__Problem details__.
Please, without any pictures, set down exactly the part of the listing below that opens with the line containing "GIT2 monoclonal antibody, clone" and closes with the line containing "Treated Condition 4".

__Given entries__.

+++

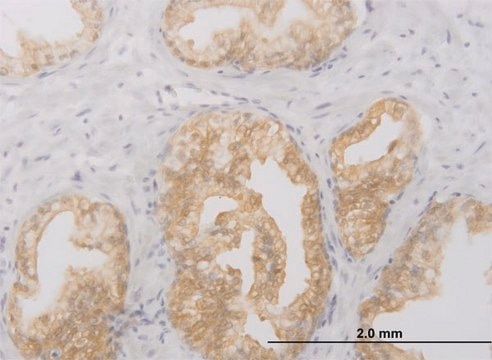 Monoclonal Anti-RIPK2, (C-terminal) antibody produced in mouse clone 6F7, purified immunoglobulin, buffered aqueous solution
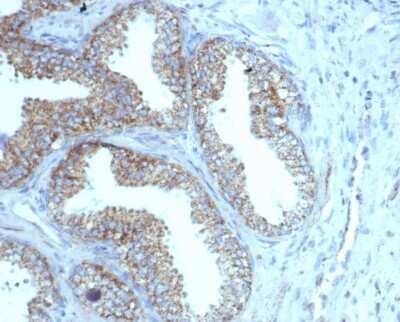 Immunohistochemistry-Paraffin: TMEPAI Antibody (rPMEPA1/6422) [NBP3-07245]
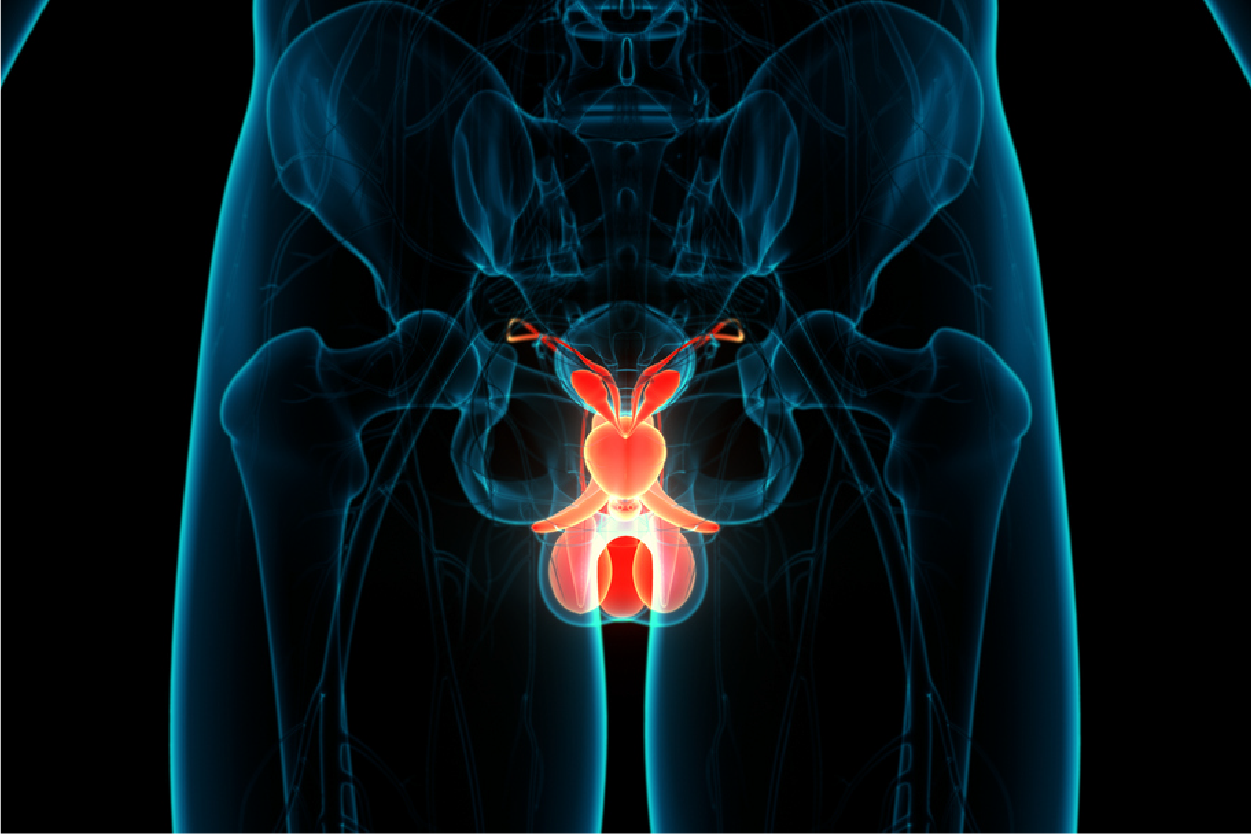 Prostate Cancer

+++

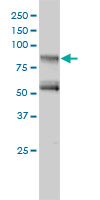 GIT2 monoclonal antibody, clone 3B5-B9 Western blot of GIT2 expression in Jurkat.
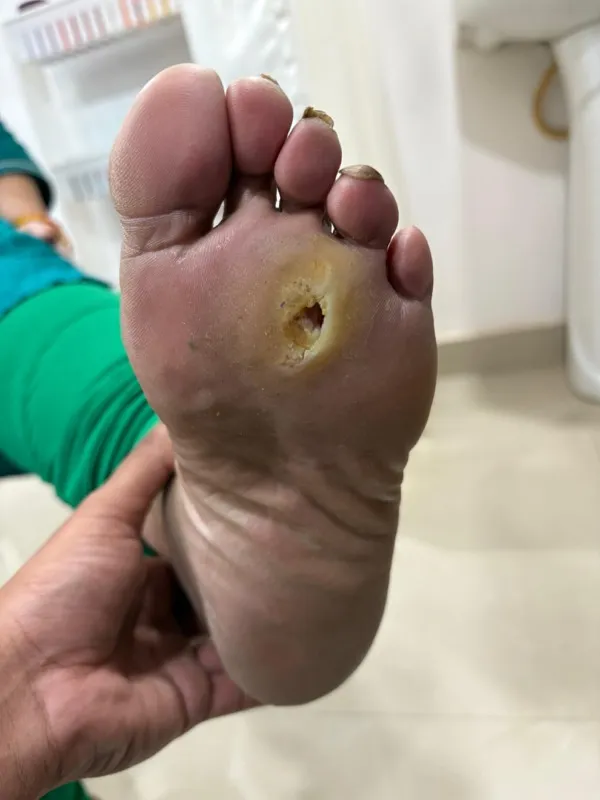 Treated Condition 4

+++

__Solution__.
 GIT2 monoclonal antibody, clone 3B5-B9 Western blot of GIT2 expression in Jurkat.
 Treated Condition 4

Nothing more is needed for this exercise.